◆ **EXERCISE DIRECTIONS**: Could you copy the data that follows exactly as written, but drop the pictures?

◆ **SUPPLIED MATERIAL**:
━━━━━━
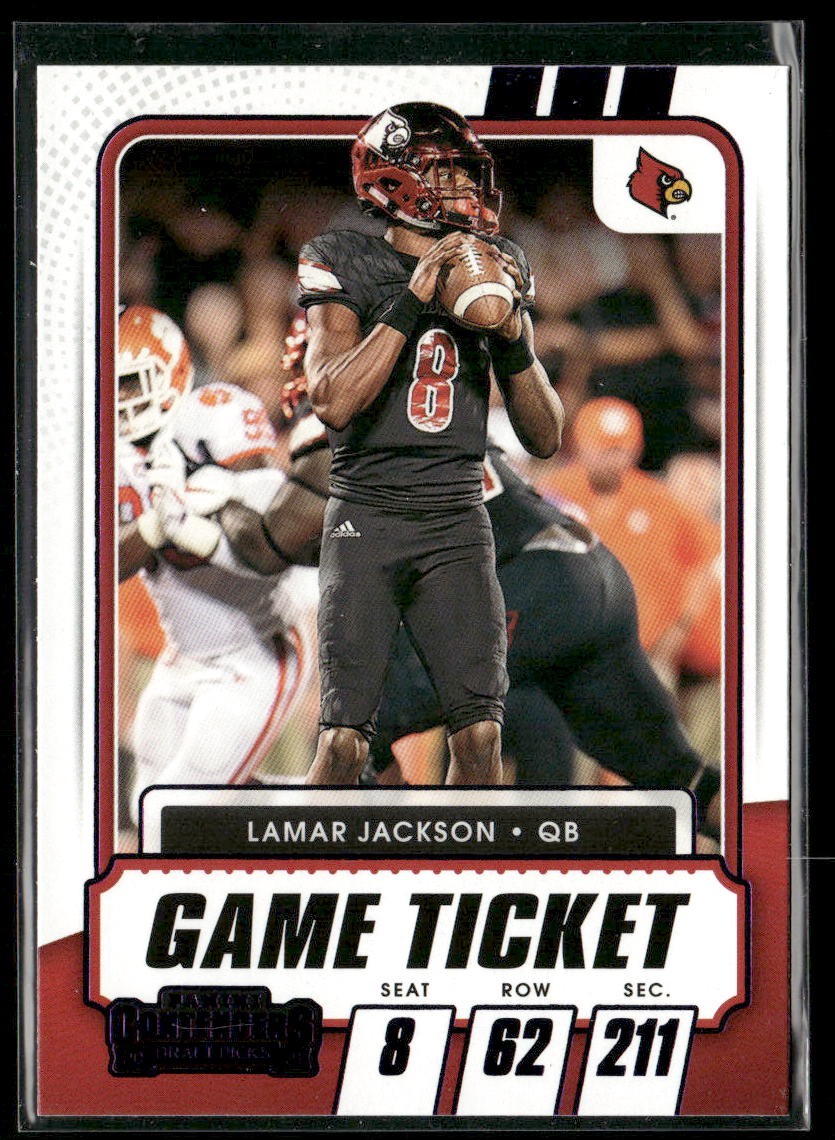 2021 Panini Contenders Draft Picks Purple Lamar Jackson #22 Louisville Cardinals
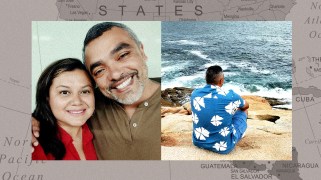 A diptych of Carlos Sauceda pictured with Yahaira along with another image of Carlos where he is sitting on the ground overlooking the ocean. The diptych overlays a sepia map of the United States and Central America.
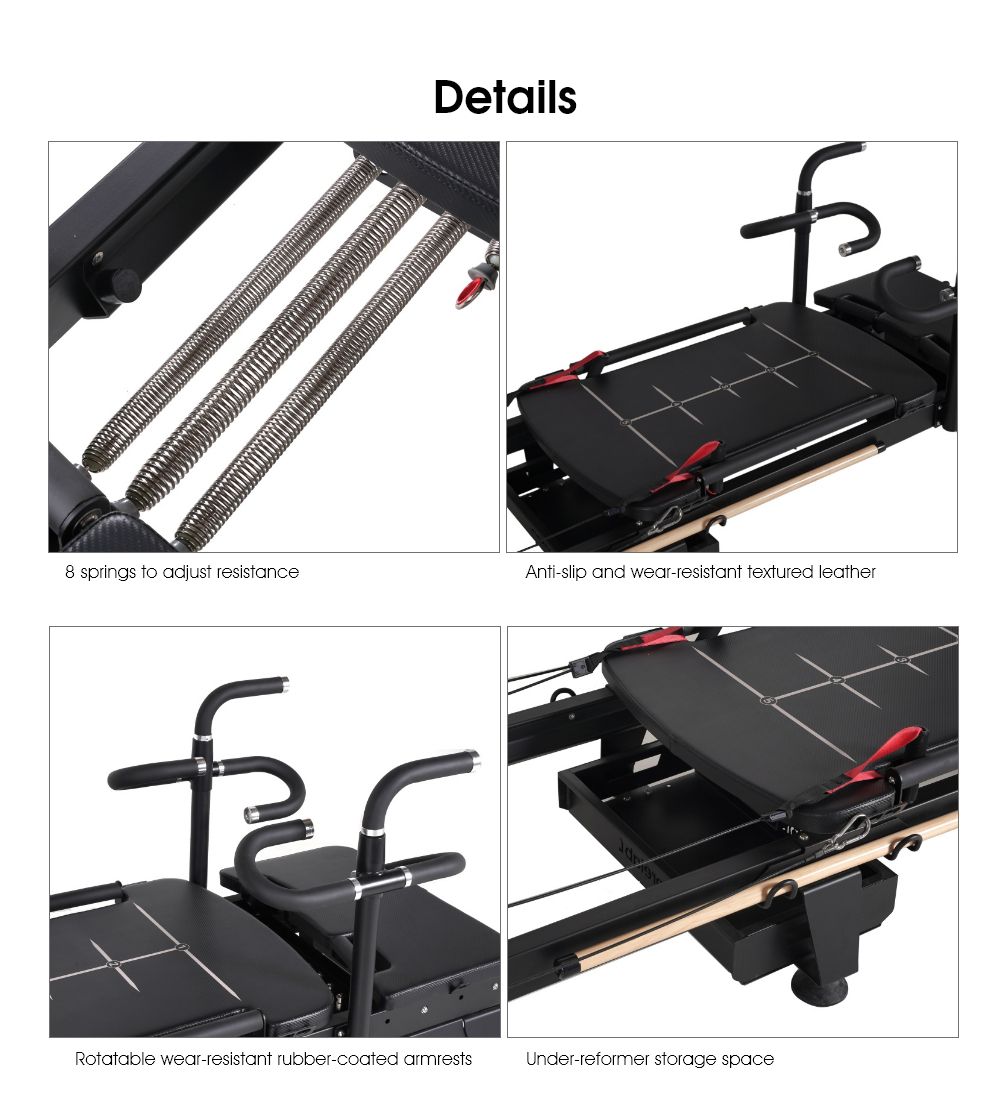 Pilates Reformer Machine met roterende handgrepen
━━━━━━
◆ **REPLY TO THE EXERCISE**:
 2021 Panini Contenders Draft Picks Purple Lamar Jackson #22 Louisville Cardinals
 A diptych of Carlos Sauceda pictured with Yahaira along with another image of Carlos where he is sitting on the ground overlooking the ocean. The diptych overlays a sepia map of the United States and Central America.
 Pilates Reformer Machine met roterende handgrepen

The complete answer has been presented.